Above Right: Cafeteria at the Mammoth Auto Camp, 1939.  YNP #185327-414

The Business Expands . . .

In 1932 the women branched out and purchased all of George Whittaker's Yellowstone Park Store operations at Mammoth and Canyon.  His holdings included an interest in the service station business and general stores at both locations.  They now held a monopoly on the store business in the northern portion of the park, with the exception of the Haynes Photo Shops.  Charles Hamilton remained in control of the stores in the southern portion of the park. 
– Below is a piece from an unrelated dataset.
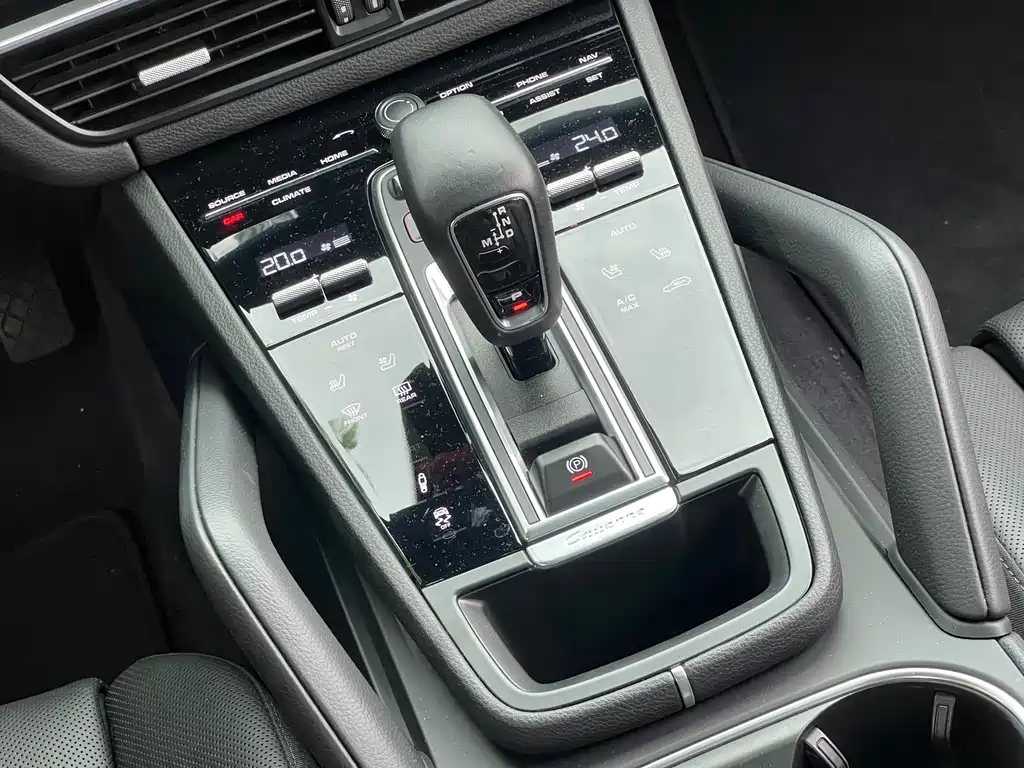 Porsche Cayenne 2023 — фото 14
The Pryor & Trischman stores incorporated in 1946 and became known as Pryor Stores, Inc.  Anna Pryor held a 2/3 interest in the business, while her sister owned the other third.  Formed on October 1, Pryor was President and Trischman Secretary. 

Pryor Store at Canyon
Pryor Store Gas Station Canyon

Above Left: Canyon General Store, 1940s. YNP #47-84

Above Right: Canyon Service Station, 1940s.  YNP #47-834

Pryor Stores paper pennant
Pryor Stores paper pennant
Park Curio Shop advertising card
Park Stores decal

Time for retirement . . .

Six years later, after 45 years in business, the women decided to retire and sold out to Charles Hamilton in 1953 for $333,000. According to an insurance audit in September 1950, the Pryor Stores’ property at Mammoth consisted of the Park Curio Shop itself, with a single-story garage and warehouse located behind it, and the general store, service station and single-story employee dormitory located at the rear. Also at Mammoth were the general store, gas station, cafeteria, and dormitory facilities at the Mammoth Auto Camp. The Canyon properties consisted of the single-story general store and gas station, which housed the post office, soda fountain, residence, storage, and a two-story dormitory building located nearby. The women ended up with a profit of just over $100,000 and retired to their home in Los Angeles.

Elizabeth Trischman - Anna Pryor

Elizabeth Trishman (left) & Anna Pryor (right) at their home in Los Angeles, 1950s, YNP #122107

Anna Pryor died in Los Angeles in 1973 at age 89, and Elizabeth Trischman followed in 1984 at age 98.

The Canyon store and gas station were torn down in the early '60s as part of the Mission 66 plan to create a new Canyon Village.  The Pryor Coffee Shop at Mammoth was razed in 1984, supposedly due to potential health and safety concerns.  The General Store at Mammoth was run by Hamilton Stores until the end of 2002,when Delaware North won the competitive bid process and took over operation of the park stores.  The current Mammoth store is the only remaining building in the park from the Pryor & Trischman operation.